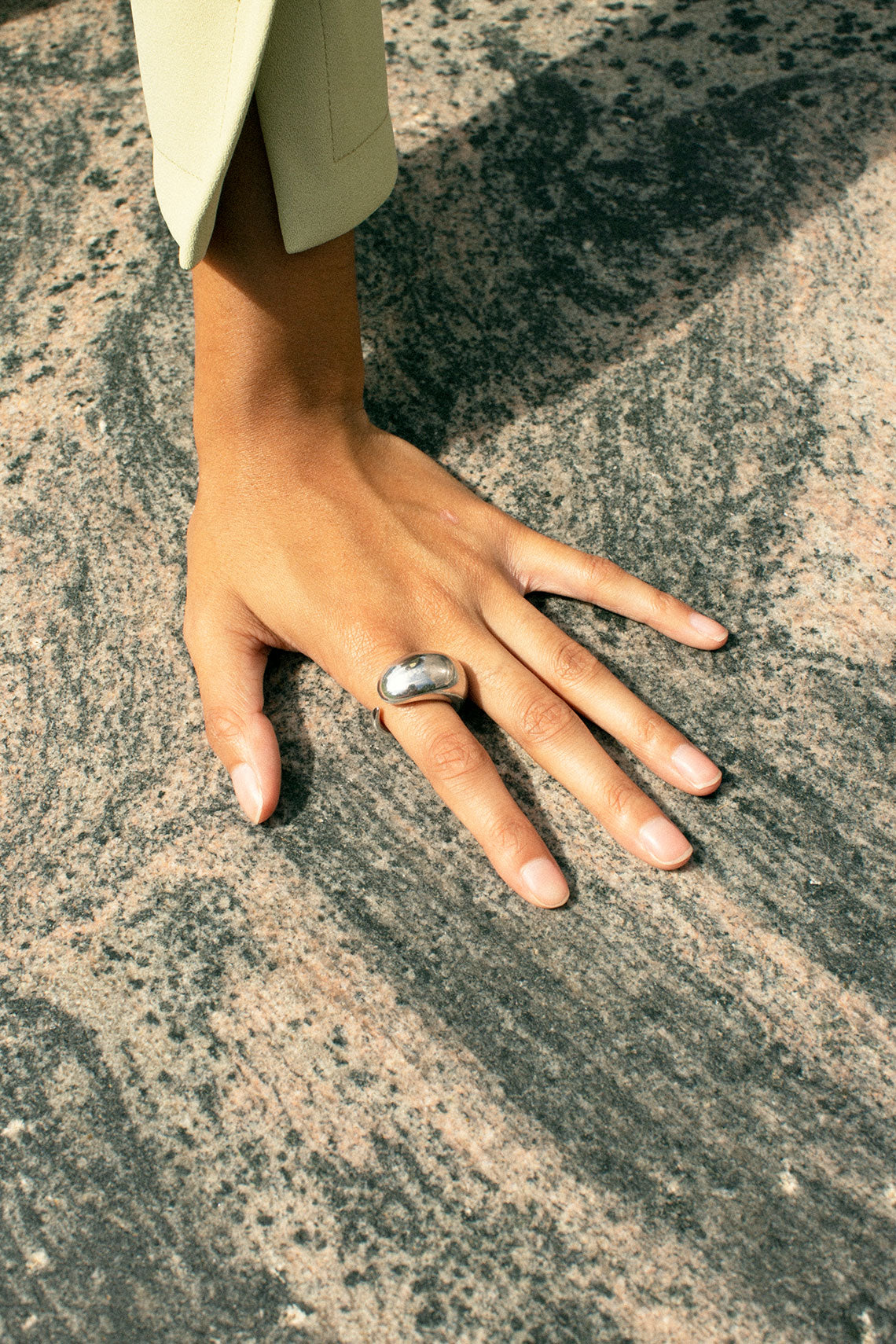 Silver Khartoum II Ring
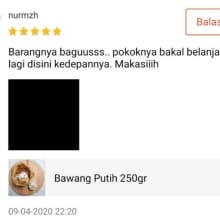 Bawang Putih Banci Kering Segar 200gr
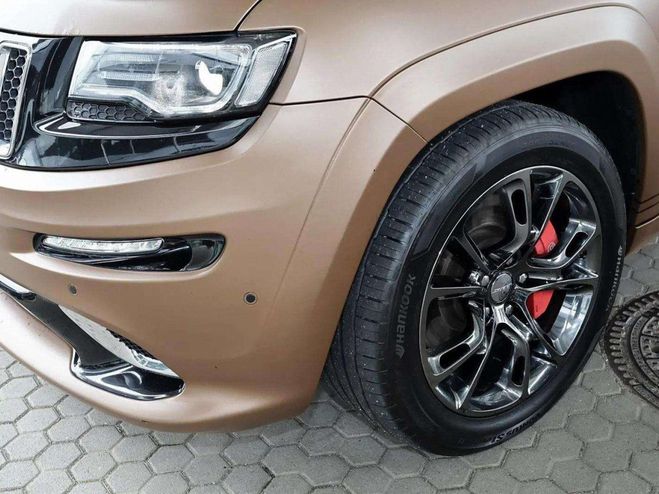 Jeep Grand Cherokee SRT 6.4 V8 HEMI 468 ch 4x4 * BREMBO * HA Marron de 2016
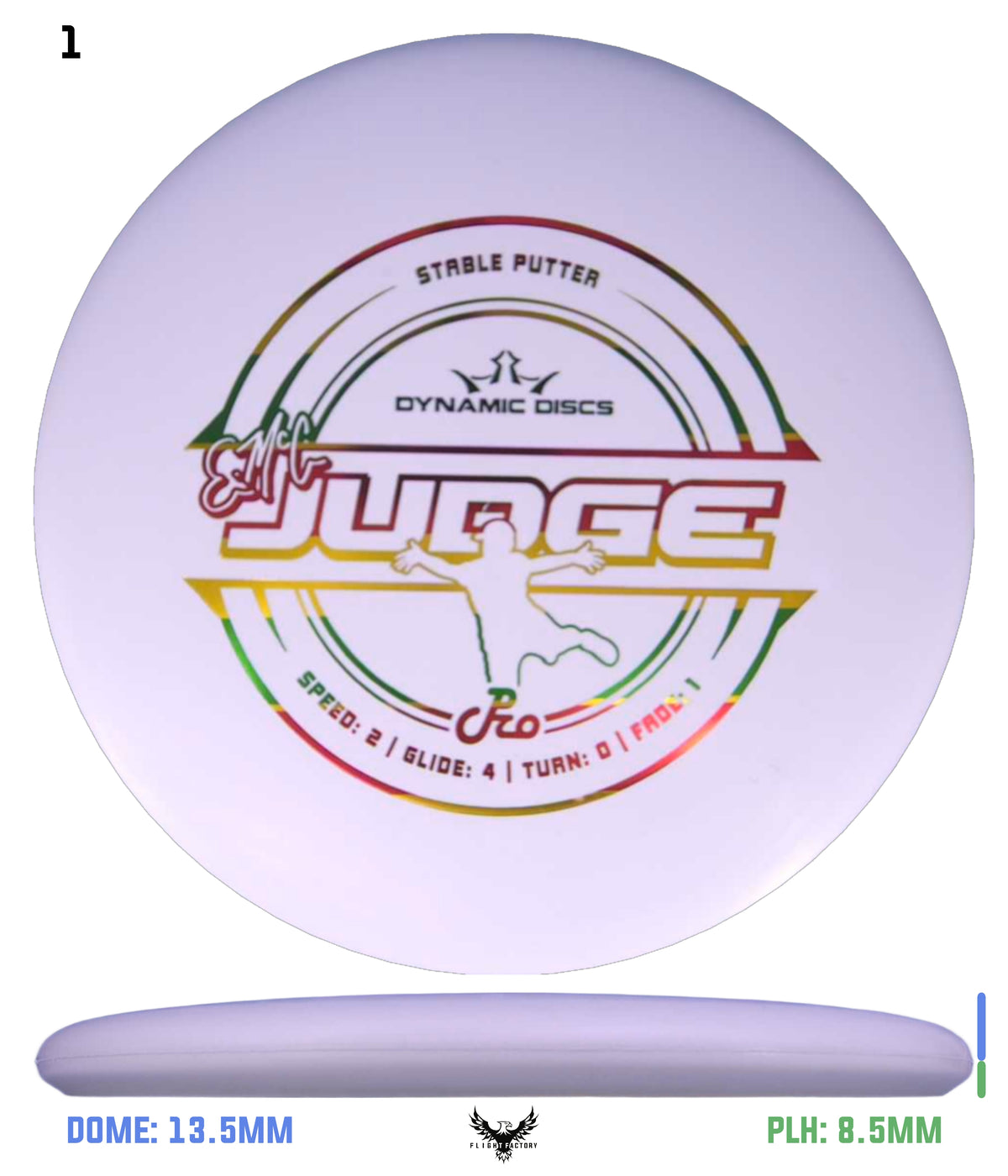 Dynamic Discs Classic Pro EMAC Judge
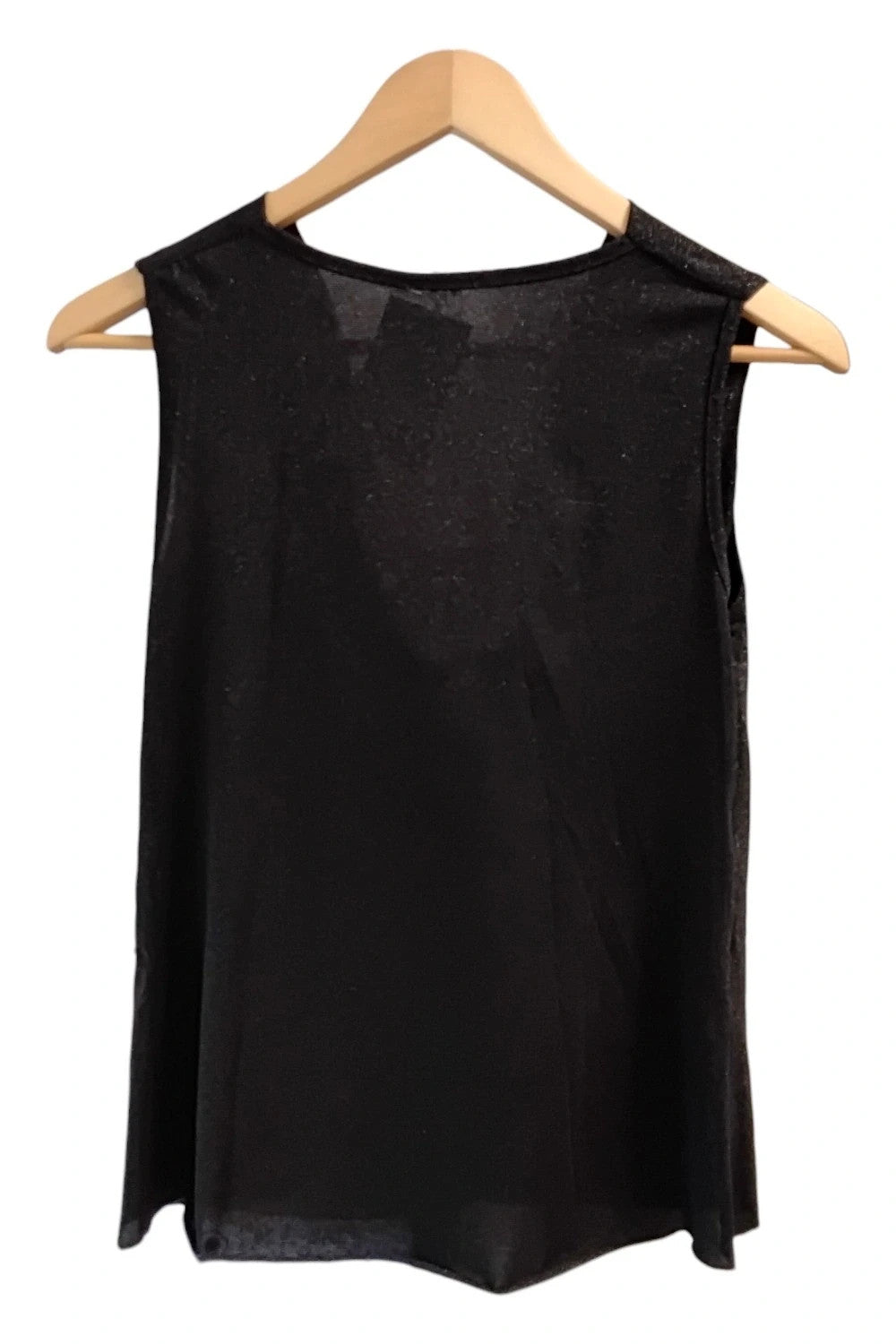 Made in Italy Top cowl neck black size-M 10225ANN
**********
The records above are to be transcribed word for word. Skip the images.

(REPLY)
 Silver Khartoum II Ring
 Bawang Putih Banci Kering Segar 200gr
 Jeep Grand Cherokee SRT 6.4 V8 HEMI 468 ch 4x4 * BREMBO * HA Marron de 2016
 Dynamic Discs Classic Pro EMAC Judge
 Made in Italy Top cowl neck black size-M 10225ANN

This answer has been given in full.